■ **Information supplied**
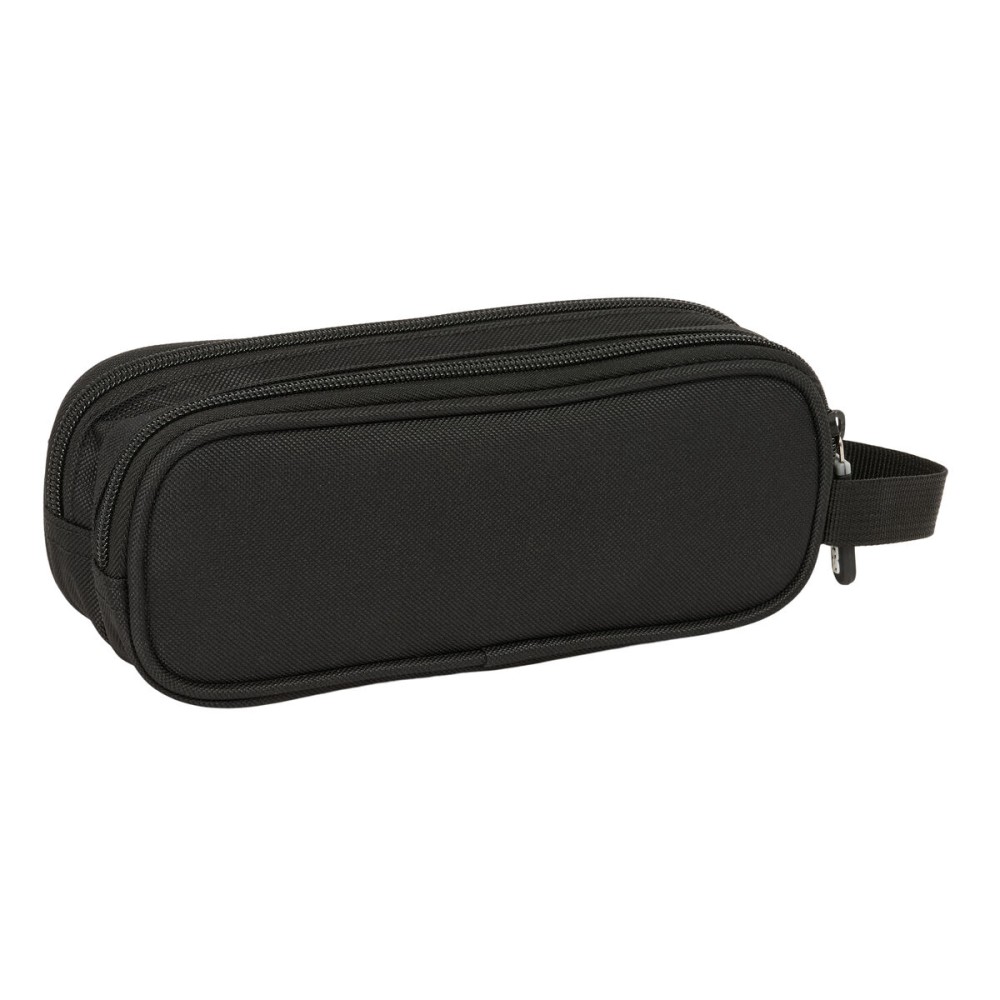 Trousse Fourre-Tout Double Kappa Dark Noir 21 x 8 x 6 cm
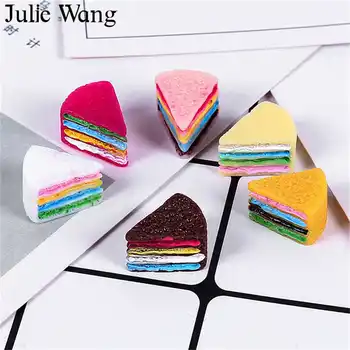 Julie Wang 12TK Vaik Sandwich Kook Võlusid Kunstlik Toit Lima Saia Ripatsid, Ehted Tegemise Aksessuaar Tabel Home Decor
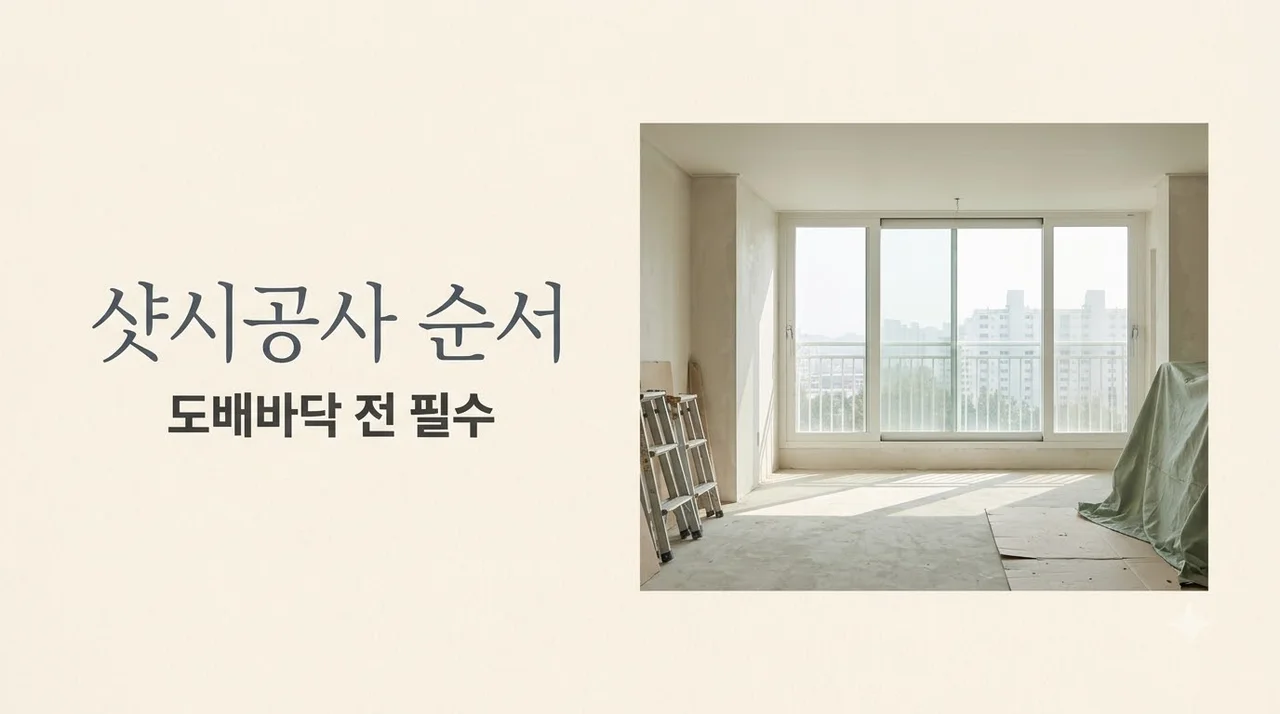 죽곡푸르지오2단지 샷시 교체 순서, 도배·바닥 전 필수 체크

■ **What to do**
Omit the pictures and write out the lines above from the one with "Julie Wang 12TK" through the last, unchanged.

■ **Result**
 Julie Wang 12TK Vaik Sandwich Kook Võlusid Kunstlik Toit Lima Saia Ripatsid, Ehted Tegemise Aksessuaar Tabel Home Decor
 죽곡푸르지오2단지 샷시 교체 순서, 도배·바닥 전 필수 체크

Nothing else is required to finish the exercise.